Dzisiaj premier Tusk mówił na Westerplatte, że hasło „Nigdy więcej wojny” nie może być manifestem słabych. O polityce wschodniej mówił też w Brukseli. Jakie wrażenie na panu zrobił Donald Tusk?

- Na mnie zrobił wrażenie osoby niepewnej w nowej roli. Miał to przygotowane, ale mnie martwi postawa UE w sprawie Ukrainy. Przed chwilą słyszałem program, gdzie wyśmiewano politykę UE wobec Rosji. Finał był taki, że Angela Merkel będzie się domagała spokoju a Rosja walczy o spokój na świecie. Tak dzisiaj wygląda polityka Unii. To nie jest twarda postawa. Jakby polityka była twarda, to Rosja by się tak nie zachowywała. Ona dokonuje zwykłej inwazji. Jak Unia nie podejmie kroków zdecydowanych, to zagrożenie będzie większe. Pytanie jakie są interesy wielkich krajów.

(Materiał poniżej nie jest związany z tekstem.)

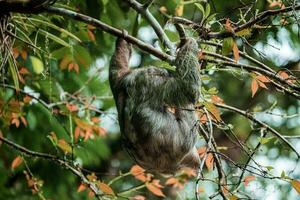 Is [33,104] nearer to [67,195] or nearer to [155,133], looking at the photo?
[67,195]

Jak zmieni się polityka krajowa po tym jak premier Tusk wyjedzie do Brukseli?

- Różne mogą być scenariusze. Będzie próba stworzenia nowego rządu. Premier odejdzie. Dzisiaj większość jest jaka jest i my jesteśmy opozycją. Będziemy oceniali te działania i kandydatów na premiera. Większość ma PO i PSL, ale co będzie dalej to poczekamy. Tusk podjął taką decyzję i to jest jego i Platformy problem.

Łatwiej będzie wygrać wybory samorządowe?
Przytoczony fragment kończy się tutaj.